Lam-Tung relation breaking in $Z$ boson production as a probe of SMEFT effects

TL;DR

This paper investigates the Lam-Tung relation violation in Z boson production at the LHC, proposing SMEFT effects as a possible explanation and a means to constrain new physics through detailed analysis of operator contributions.

Contribution

It provides a model-independent SMEFT analysis showing quadratic effects of dimension-6 dipole operators dominate the Lam-Tung relation breaking, offering new insights into potential new physics signals.

Findings

SMEFT contributions appear at 1/Λ^4 order with O(α_s) accuracy.

Quadratic effects of Z-boson dipole operators dominate the violation.

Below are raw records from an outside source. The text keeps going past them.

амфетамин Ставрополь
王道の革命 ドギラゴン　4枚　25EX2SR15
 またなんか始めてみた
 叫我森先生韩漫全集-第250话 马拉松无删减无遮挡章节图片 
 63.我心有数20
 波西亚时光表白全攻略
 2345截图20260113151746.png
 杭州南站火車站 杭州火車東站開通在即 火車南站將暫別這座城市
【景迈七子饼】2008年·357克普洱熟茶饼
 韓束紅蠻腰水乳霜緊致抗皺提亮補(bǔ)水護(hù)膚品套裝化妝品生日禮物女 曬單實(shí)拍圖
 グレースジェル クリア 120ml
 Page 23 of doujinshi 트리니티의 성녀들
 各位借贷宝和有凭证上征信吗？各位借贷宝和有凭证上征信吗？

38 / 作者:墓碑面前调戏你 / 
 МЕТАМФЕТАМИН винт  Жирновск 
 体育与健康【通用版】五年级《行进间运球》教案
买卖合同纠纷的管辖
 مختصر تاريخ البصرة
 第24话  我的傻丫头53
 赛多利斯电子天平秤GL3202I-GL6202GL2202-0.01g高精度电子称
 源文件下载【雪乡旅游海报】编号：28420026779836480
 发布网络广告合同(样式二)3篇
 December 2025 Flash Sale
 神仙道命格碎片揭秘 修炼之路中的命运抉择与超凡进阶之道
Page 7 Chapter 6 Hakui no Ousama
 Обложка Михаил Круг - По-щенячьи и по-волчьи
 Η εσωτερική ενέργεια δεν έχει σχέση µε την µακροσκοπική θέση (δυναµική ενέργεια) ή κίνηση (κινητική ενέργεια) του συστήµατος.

Breaking effects can constrain Z-boson dipole interactions.

Abstract

The violation of Lam-Tung relation in the high-$p_T^{\ell\ell}$ region of the Drell-Yan process at the LHC presents a long-standing discrepancy with the standard model prediction at $\mathcal{O}(\alpha_s^3)$ accuracy. In this Letter, we employed a model-independent analysis to investigate this phenomenon within the framework of the Standard Model Effective Field Theory (SMEFT). Our findings revealed that the leading contributions from SMEFT to this violation appear at the $1/\Lambda^4$ order with $\mathcal{O}(\alpha_s)$ accuracy in QCD interaction. Notably, we demonstrated that the quadratic effect of dimension-6 dipole operators, associated with the $Z$ boson, dominates the breaking effects induced by various dimension-6 and dimension-8 operators. This provides a possible explanation for the observed discrepancy with the Standard Model predictions at the LHC. Furthermore, the breaking effects could also serve as a powerful tool for constraining $Z$-boson dipole interactions, highlighting their importance among potential sources of new physics in the Drell-Yan process.